Experts, advocates deeply divided on question of ‘genocide’ in Gaza | CBC News

A growing number of academics, legal scholars and governments are accusing the Israeli government of carrying out a genocide against Palestinians in Gaza.

The word “genocide” is seen and heard at pro-Palestinian protests across Canada and the U.S. A rally in Toronto was attended by a coalition called Jews Say No to Genocide. In the U.S., members of the group Jewish Voice for Peace have accused Israel of carrying out a genocide in their names.

Globally, too, the word is being used more frequently. The presidents of Colombia and South Africa have levelled the accusation. Last week, a group of UN human rights special rapporteurs warned of a “genocide in the making.” Last month, a UN human rights official resigned from his post, calling the situation a “textbook case of genocide.”

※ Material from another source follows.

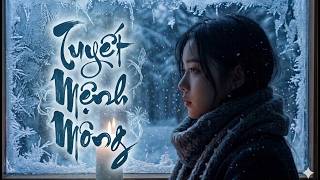 Tuyết Mênh Mông - ThiTho Music  ( Original Song ) - Pop Ballad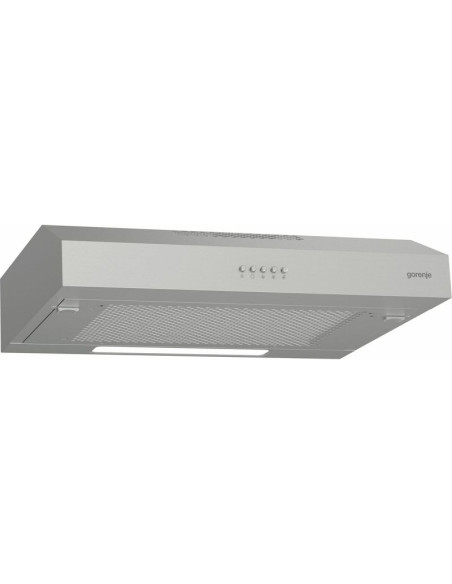 Napa Gorenje WHU529ES/S (194m3/h) Napa Gorenje WHU529ES/S (194m3/h)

Why are some using the term?

The term was codified by the UN in the 1948 Genocide Convention and defined as “acts committed with intent to destroy, in whole or in part, a national, ethnical, racial or religious group, as such.” Those acts are not limited to killing members of the group — causing “serious bodily or mental harm,” among other actions, can also constitute genocide.

Since Hamas’s Oct. 7 attacks on Israel, which killed an estimated 1,200 people, Israel has killed around 14,000 people in Gaza and displaced 1.5 million more, according to the UN. Two-thirds of the dead are estimated to be women and children.

But a high death toll alone is not proof of genocide. Legal experts say one key element is intent.

“The intent that we have observed is extensive and it comes from all quarters of the Israeli state,” said Anisha Patel, a legal researcher with the group Law for Palestine — which provides legal analysis on international law as it relates to Palestinians.

Patel says it has identified more than 400 instances “from all levels of the Israeli elite” expressing what the organization considers evidence of genocidal intent.

They include statements by Israeli Prime Minister Benjamin Netanyahu immediately following the Oct. 7 massacre, in which he described Gaza as “the city of evil.”

“We will turn all the places in which Hamas deploys and hides into ruins. I am telling the people of Gaza — get out of there now. We will act everywhere and with full power,” Netanyahu said in a televised statement.

The UN, the World Health Organization, the International Red Cross and other international groups, have repeatedly stated that Palestinians in Gaza have nowhere safe to go.

Raz Segal, associate professor of holocaust and genocide studies at Stockton University in New Jersey, said there are “dozens of pieces of evidence that show intent to destroy,” per the UN convention.

“Israeli leaders and senior army officers have done exactly what they said. So Gaza today, particularly the north but not only the north, is rubble,” said Segal.

“We’re talking about, indeed, conditions calculated to bring about the destruction of the group.”

‘Elements of genocidal thinking’

Adam Jones, a political science professor at the University of British Columbia Okanagan and author of a textbook in genocide studies, says use of the term has erupted since Oct. 7, but that the extremes of both parties to the conflict have shown “genocidal strands and ideologies” going back decades.

“I believe that the events of Oct. 7 qualify as a genocidal massacre of Israelis. I also think that the Israeli response, and indeed long standing Israeli policy towards the Gazan population, evinces elements of genocidal thinking and increasingly practice,” he said.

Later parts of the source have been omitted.